• [The problem]: Transcribe the entries below exactly from their first line through the line containing "stretch-cotton pointed-collar shirt", and let no picture into the copy.

• [Items listed in a dataset]:
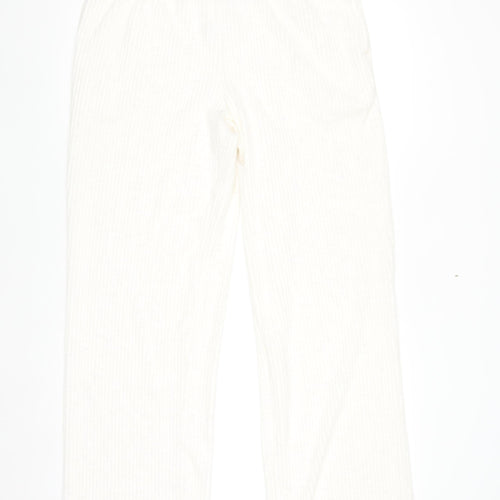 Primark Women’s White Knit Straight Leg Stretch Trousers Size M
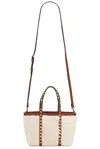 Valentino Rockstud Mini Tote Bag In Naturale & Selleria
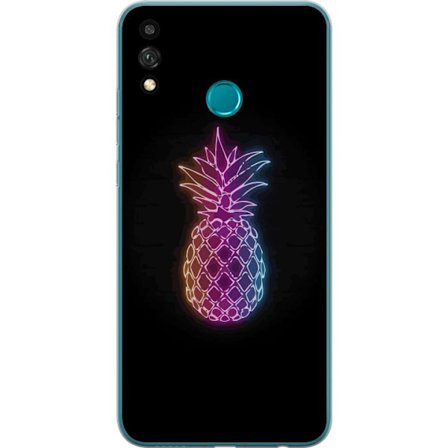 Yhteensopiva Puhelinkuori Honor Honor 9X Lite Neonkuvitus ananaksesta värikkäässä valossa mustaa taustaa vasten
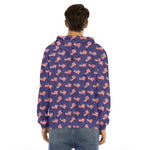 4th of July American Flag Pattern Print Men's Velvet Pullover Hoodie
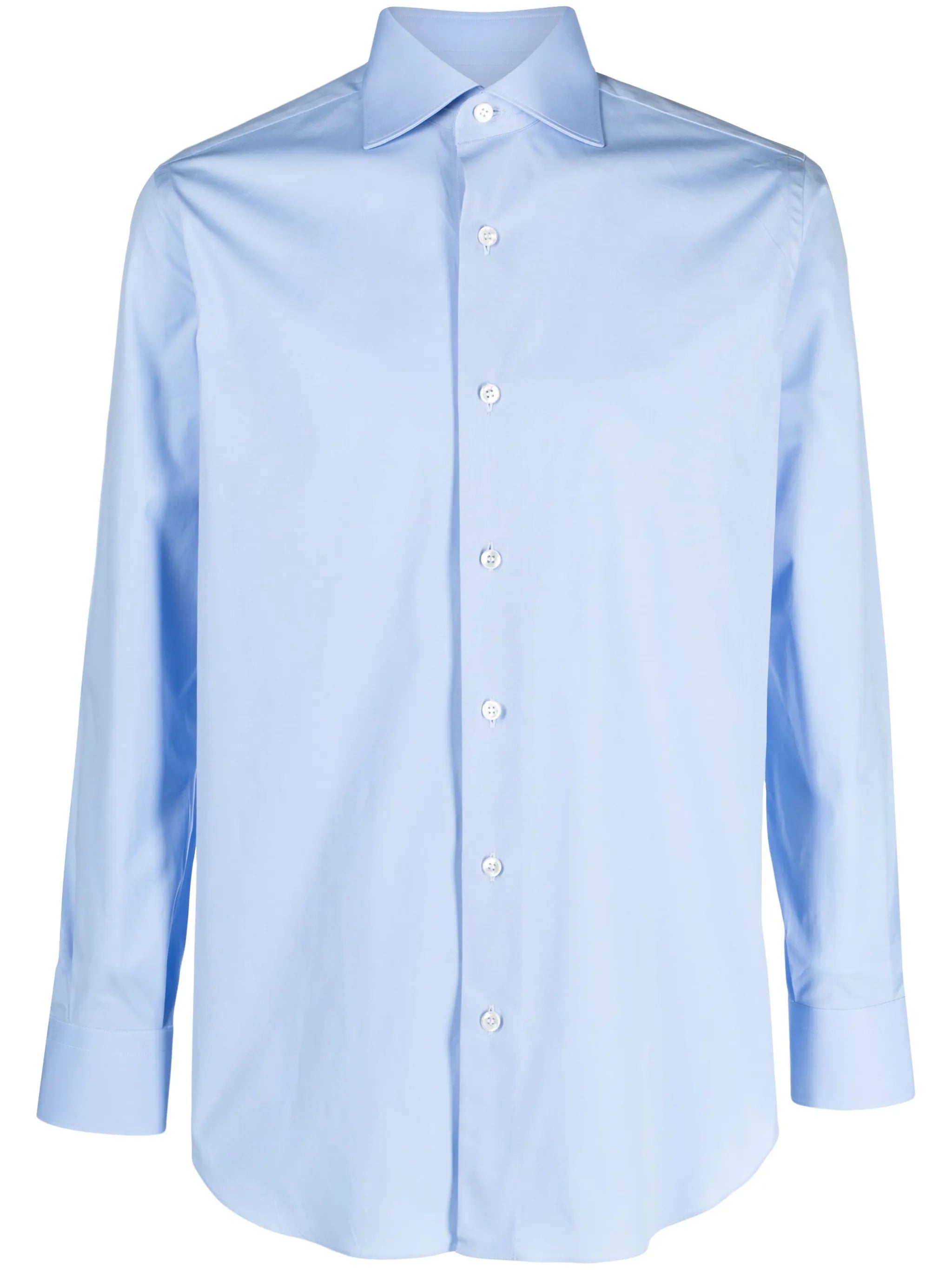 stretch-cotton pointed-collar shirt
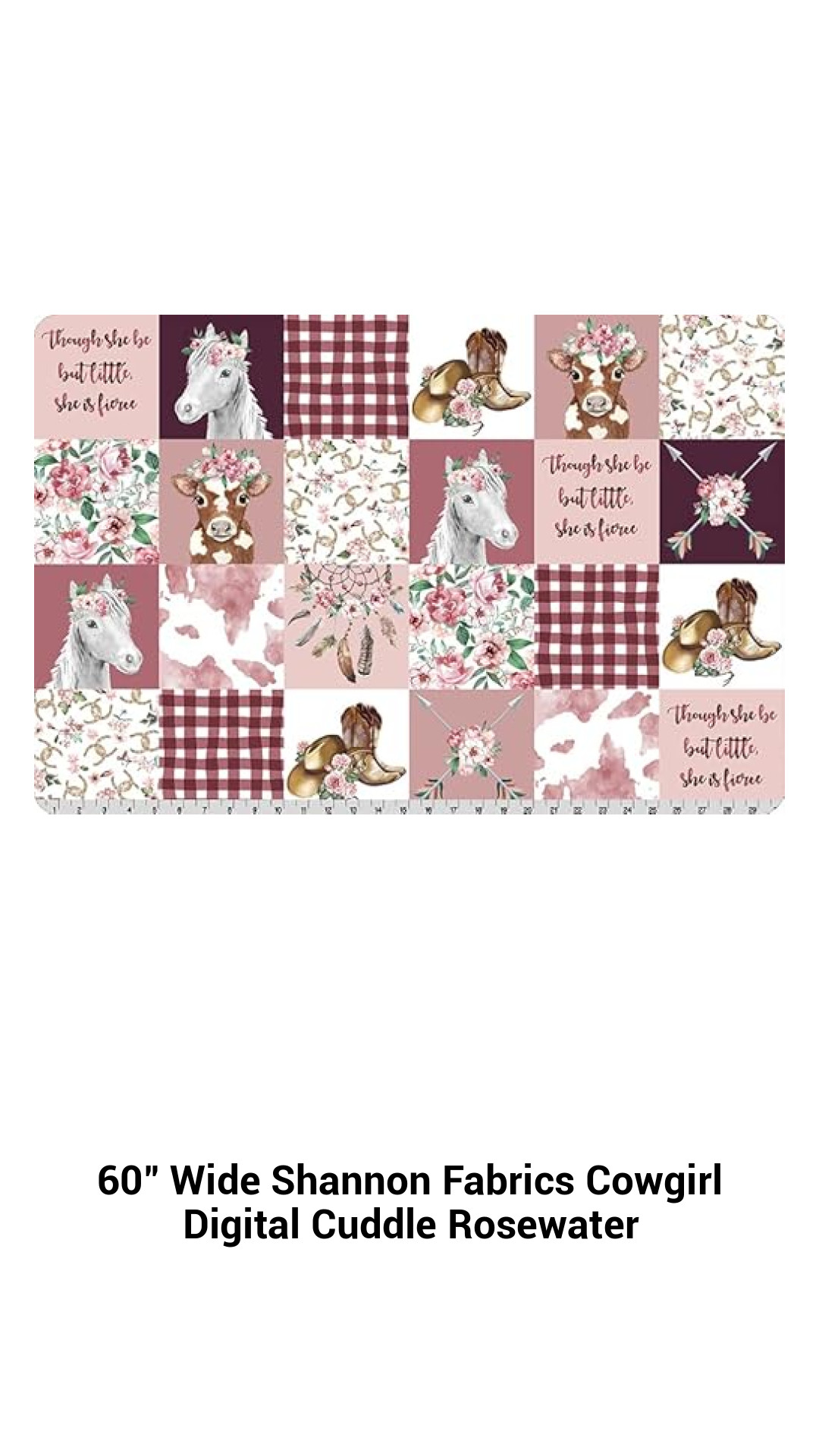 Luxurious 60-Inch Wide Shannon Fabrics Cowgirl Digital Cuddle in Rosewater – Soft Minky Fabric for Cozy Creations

• [Response box]:
 Primark Women’s White Knit Straight Leg Stretch Trousers Size M
 Valentino Rockstud Mini Tote Bag In Naturale & Selleria
 Yhteensopiva Puhelinkuori Honor Honor 9X Lite Neonkuvitus ananaksesta värikkäässä valossa mustaa taustaa vasten
 4th of July American Flag Pattern Print Men's Velvet Pullover Hoodie
 stretch-cotton pointed-collar shirt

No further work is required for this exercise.